PART 2: TECHNICAL SUMMARY
Untangling the details of molecular recognition continues to hold intense interest to a wide range of science disciplines. The manner in which molecules organize into energetically favorable solids often relates to complementary electrostatic non-bonded contacts and best-fit scenarios. This research, supported by the Solid State and Materials Chemistry program within the Division of Materials Research, focuses on understanding structural boundaries of molecular shape to the molecular recognition process by using the quasiracemate approach for constructing bimolecular solid compounds. Chiral building blocks formulated from known organic precursors will be synthesized via amino acid, carboxylamide, and naphthyl derivatives. While the study of quasiracemic materials has now progressed to an established science, the intimate details of assembling pairs of quasienantiomers remains relatively unknown.

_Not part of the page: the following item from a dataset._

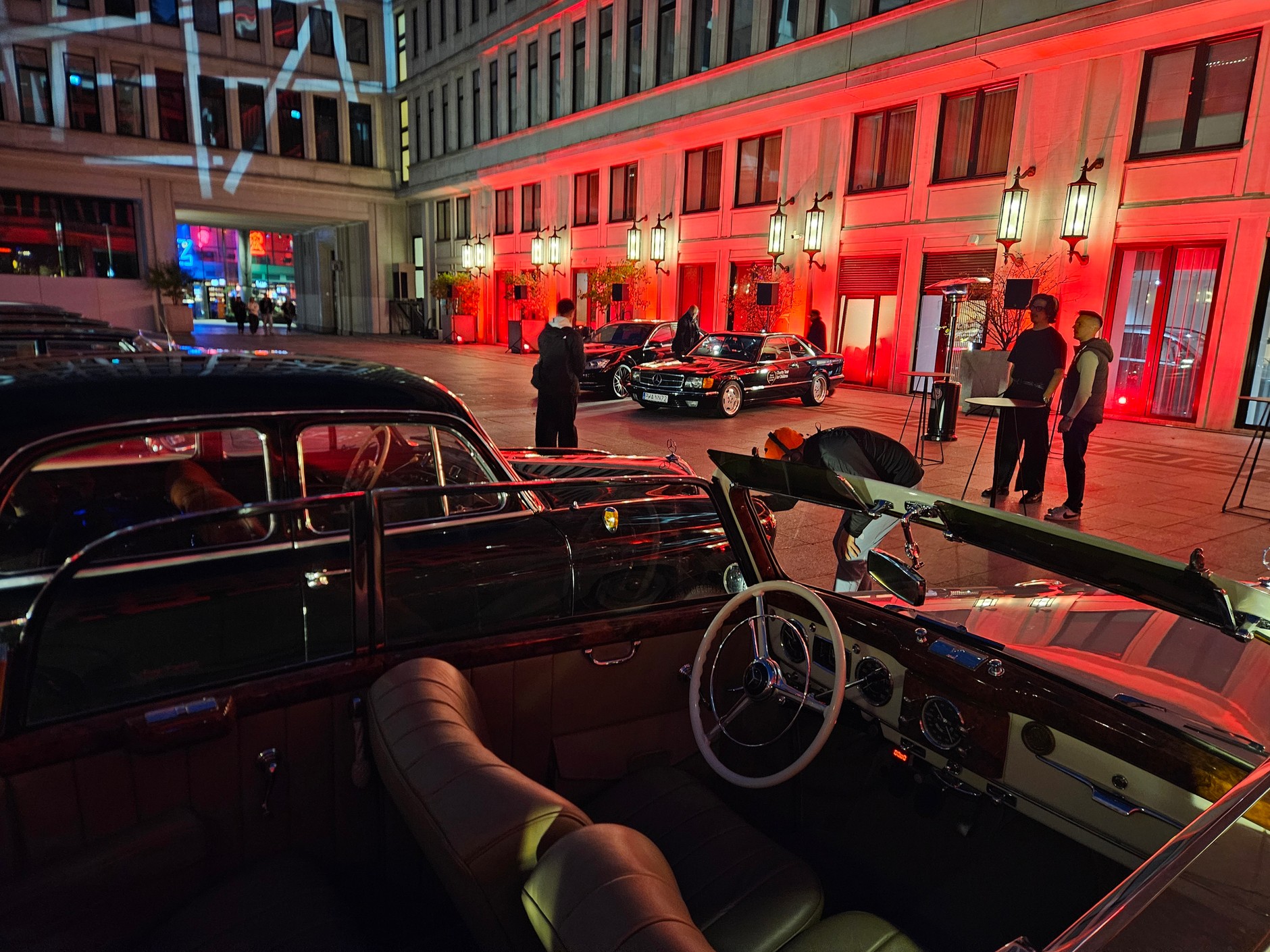 Mercedesy z konwoju „140 Years. 140 Places” w Polsce. W Warszawie na spotkanie z nowymi modelami przyjechali miłośnicy klasycznych Mercedesow.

This proposal explores how increasing crystal lattice stabilization via charge-assisted non-bonded contacts and an increased size of molecular framework effectively allows for greater structural variation of the quasienantiomeric components. Lattice energy calculations combined with crystallographic, video-assisted thermomicroscopy, and calorimetric studies will be used to assess the ability of these materials to form quasiracemic assemblies. The research group seeks a systematic understanding of the definition of "isostructural" in the context of quasiracemate formation that may prove useful for probing the topological features responsible for molecular recognition.
This award reflects NSF's statutory mission and has been deemed worthy of support through evaluation using the Foundation's intellectual merit and broader impacts review criteria.